My regina, I am also extremely disappointed that an honorable voice like yours did not make it into this fine article. And I must include that I am bemoaning the fact that 95% of my interview was not included, and that my counterarguments were all conveniently omitted. I will avenge this disgraceful wrongdoing done to you by challenging the audacious journalist to a duel.
– Your loyal servus
Unfortunately, I could not make this article too long and wasn’t able to include everyone’s comments. In fact, the opinion’s article section didn’t have to include interviews but I did it anyways so I could get a better understanding on how most students felt about online learning. Although your direct quotes didn’t make it into the article, you did adjust some of my points and personal views on our current learning system.
I like Zoom classrooms because they allowed me to get in the newspaper.

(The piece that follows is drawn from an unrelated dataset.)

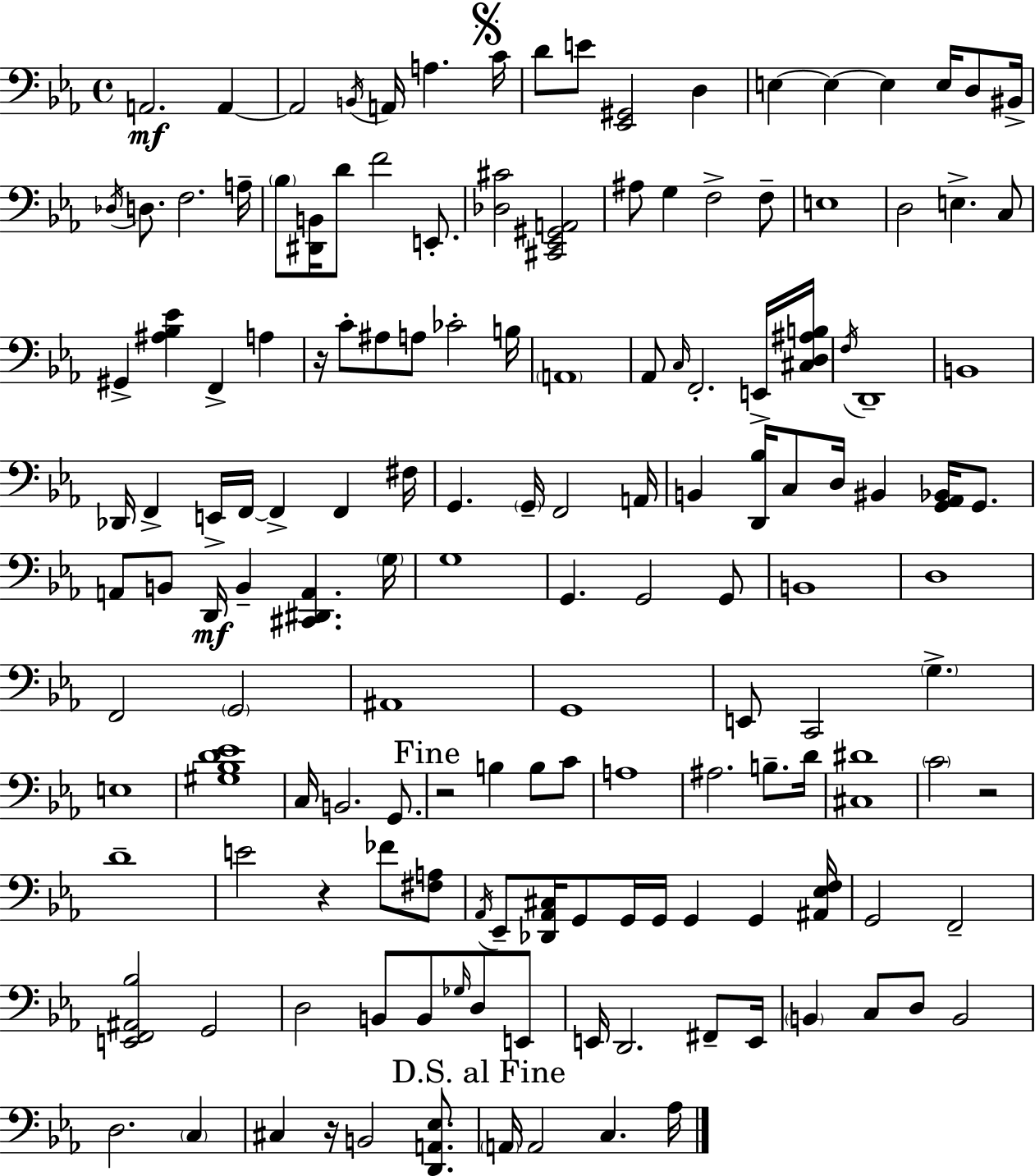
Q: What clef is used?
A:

I appreciate you trying to see the positives of zoom classes but I strongly disagree with you. Students are struggling more mentally now because they don’t have places to go.Even though students don’t have to see their bully’s in person doesn’t mean they aren’t hurt by what they say or do online. Online classes are exhausting physically, emotionally and mentally. Staring at screens all day for school and then for 4+ hours to do homework is going to have severe consequences on students in the future. I personally have noticed I get headaches every day and my eye sight has gotten so much worse since last year. I know some kids are getting less homework but most are getting class work and then additional homework that takes forever to complete. Most students are getting a ton of busy work right now because some teachers don’t know how to teach through zoom. I have also noticed that there have been many complications such as mics not working, cameras not working, internet lagging, etc… I also personally fear that the teachers and some students are getting way to comfortable with this and we aren’t going to get back to normal ever. I know that younger kids are going to struggle as well because they are doing everything through the computer so they don’t have the chance to practice skills such as writing. It is also hard to do school at home if you have siblings. Siblings can be distracting and focusing on just your class is hard.As a senior Im struggling because I really want my last spirit week, homecoming, band season and track season, as well as prom. Class of 2021 hasn’t even had a prom yet and we might not get one.

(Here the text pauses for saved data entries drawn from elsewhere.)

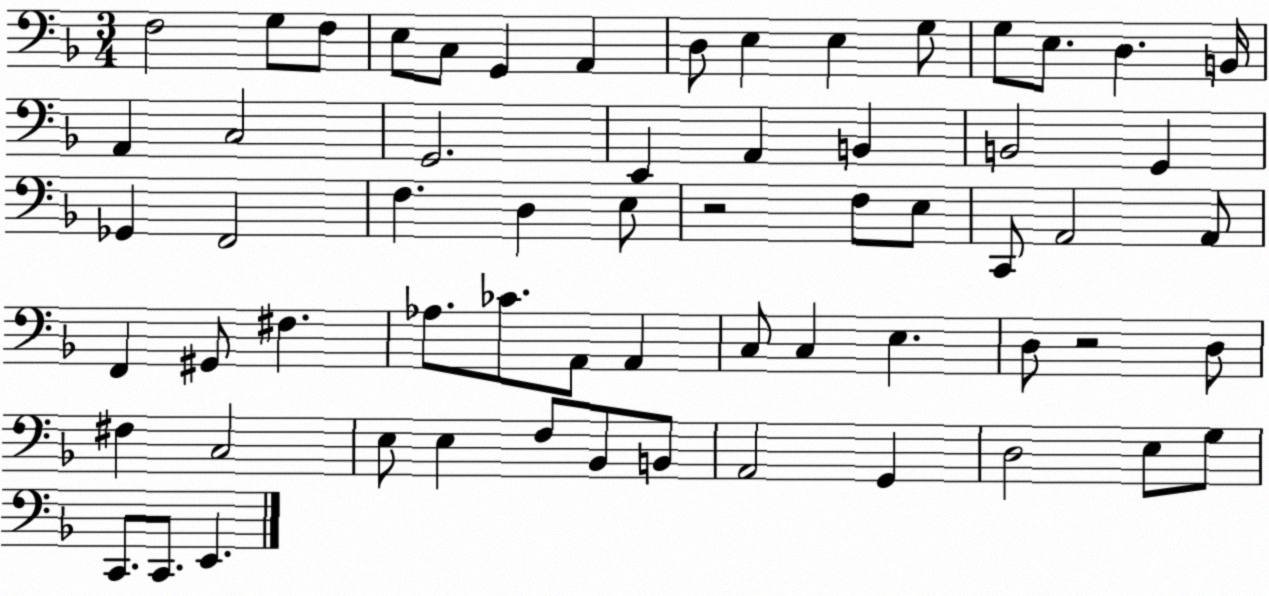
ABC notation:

X:1
T:Untitled
M:3/4
L:1/4
K:F
F,2 G,/2 F,/2 E,/2 C,/2 G,, A,, D,/2 E, E, G,/2 G,/2 E,/2 D, B,,/4 A,, C,2 G,,2 E,, A,, B,, B,,2 G,, _G,, F,,2 F, D, E,/2 z2 F,/2 E,/2 C,,/2 A,,2 A,,/2 F,, ^G,,/2 ^F, _A,/2 _C/2 A,,/2 A,, C,/2 C, E, D,/2 z2 D,/2 ^F, C,2 E,/2 E, F,/2 _B,,/2 B,,/2 A,,2 G,, D,2 E,/2 G,/2 C,,/2 C,,/2 E,,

This is a great article, but as some others have said, the cons outweigh the pros by a landslide. Having to stare at a screen for long periods of time is not good for anyone’s eyes. And even though we have 20-minute breaks between classes, a lot of that is spent trying to get some of your work done so you can enjoy your free time after school. Not to mention the sitting and lack of physical activity students are getting. Even with P.E. or little breaks here and there, I know for me, getting up and playing outside or something does NOT seem appealing. Online school is exhausting, when I’m done with school, I get up and do nothing and then go to bed. This has also caused a whole bunch of unnecessary stress. Teachers are all assigning lots of homework or big assignments too fast. The first two weeks of school were supposed to be the “adjustment weeks. For me at least, those first two weeks were ice breakers. So when we finally jumped into assignments, I was extremely unprepared for the amount of work I had to handle. I just wish they would allow in-person school to go back, at least in a hybrid form. This is so hard and makes things just so much more stressful and difficult.
Sandra Thanos, thanks for spelling my name correctly in the article and actually including the stuff from our interview (haha take that Surabhi). But actually though this is a really good article, so good job!